I didn’t. I didn’t even think of that and I wasn’t even aware of that. So the day I bought that first property was the day that our company, our property management company, was founded. So it was a property management company managing just five units for the first year. And I was the only employee, obviously.
But then the second property I bought was a 30. And it was pretty distressed, so I hired a maintenance technician to work for us when we did that. He still works here seven, 17 years later and then. The third and fourth property, got me to about 50, 55 units. And at that point I needed a bookkeeper and I had some other businesses.
So while managing 55 units isn’t a full-time job for a bookkeeper, I needed a bookkeeper for everything I had going on. So then that was like the third hire, and so it scaled up to there, where now we have about 60, 65 employees at the property management company, and I wish we had 80. It’s kinda hard right now, as to hire a maintenance technique,
Yeah, so let’s talk about that because that’s one of the biggest pinpoints that a lot of the owners that we see, that self-manage are facing. And we’ve had the same challenges as well, because we also self-manage is just hiring people. It seems like the world’s gone to a place where nobody wants to. and if they wanna work, I, after a month or two or three or six they just get bored and they wanna move to the next thing.

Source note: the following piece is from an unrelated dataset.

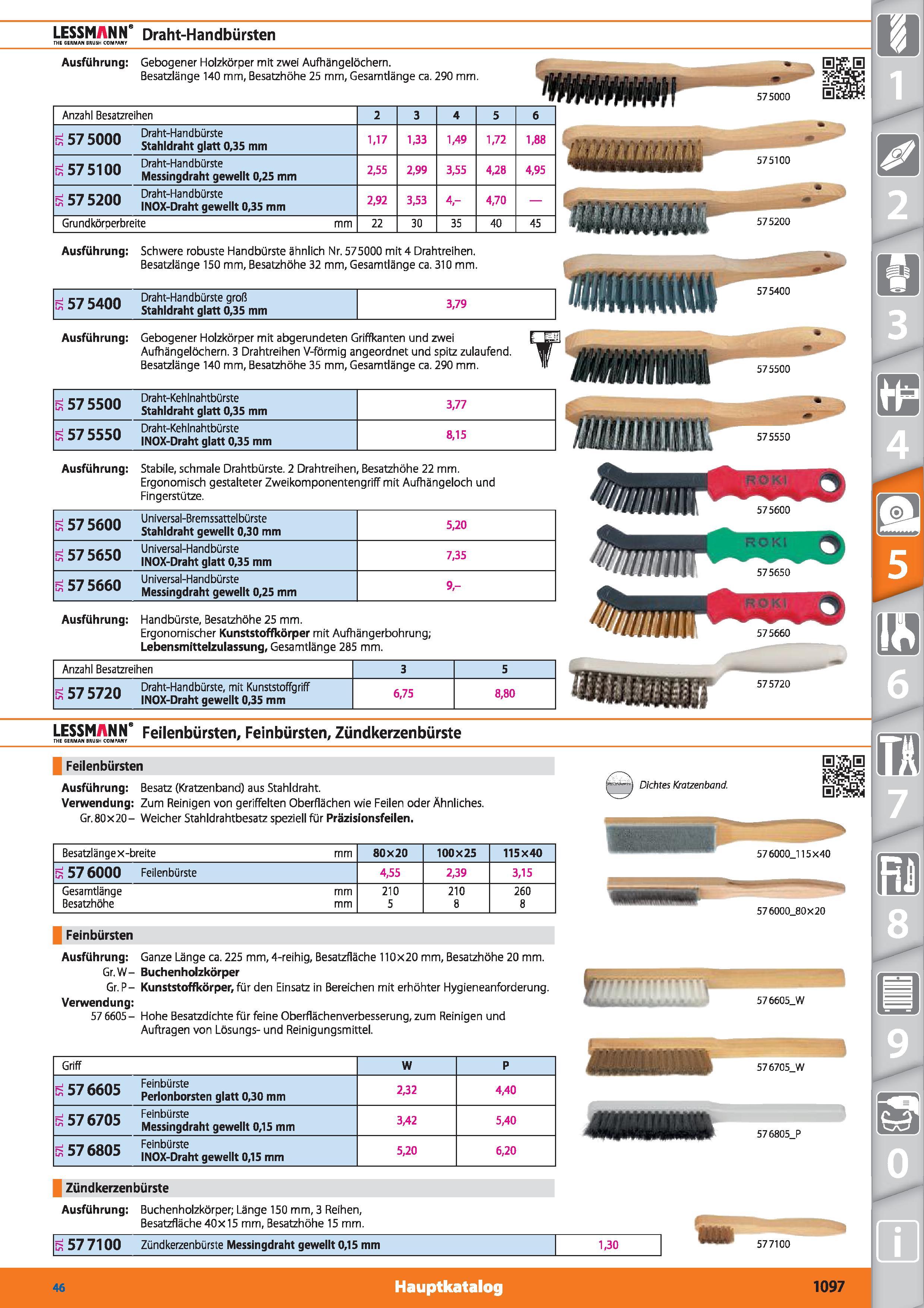 1097 LESSMANN’ Draht-Handbürsten THE GERMAN BRUSH COMPANY Ausführung Gebogener Holzkörper mit zwei Aufhängelöchem Besatzlänge 140 mm, Besatzhöhe Каталог HOFFMANN GROUP 2015 Инструмент режущий слесарный измерительный абразивный Оборудование Комплексные поставки для промышленных предприятий DEU Стр. 1097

So you just mentioned you have an employee for 17 years. That’s amazing. What do you do to find good talent and more importantly retain it? Yeah, so the way I’ve retained that, that guy is, Do anything for him that he ever needs help with. Like I remember one time he was like in a fight with his wife, so I set him up in a hotel.
I remember one time he needed a, a bed that costs $6,000 for his wife. Cause she was in a situation. So I bought that for him. You just do anything you can for your like, main guys. You can’t do that for all 7 70, 65 guys. But those core guys you like really. Take care of, pay them a good salary, but then when it comes down to it, really take care of any pain points they have because then they’re just super loyal.
Because, when someone calls and says, hey, rich, come work for my property manager company a Rich, I bet says, no I gotta stick with Stuart because any problem I’ve ever. Ever had, he’s helped me out with, and if I come work for you, it’s not gonna be the same. So he’s very loyal.
We also have, 401K matching, which is very attractive. We have 30 company vehicles, which we give our maintenance staff. So they have their, they take pride in this $50,000 logo van that they drive. Whereas a lot of property management companies try to do property management where they have no vehicles at all.
The maintenance tech has to drive his own vehicle. . Another way to retain talent in terms of attracting talent. Who can hold a job right now? Has a job that’s a first. That’s a first for me in my career. Normally I would put ads out and I would get hundreds of resumes, but right now, anyone who can hold a job, Has a job.
So you’ll get a maintenance technician in the door and he’ll say, yeah, I worked for this other property management company for three months. Like alarm bells go off, but you need to hire a maintenance guy today. And so you do hire that person, but then one day later you’re like, oh, okay, I realize why this guy didn’t have a job, is because he literally can’t hold a job.
So what I do is I keep that core together.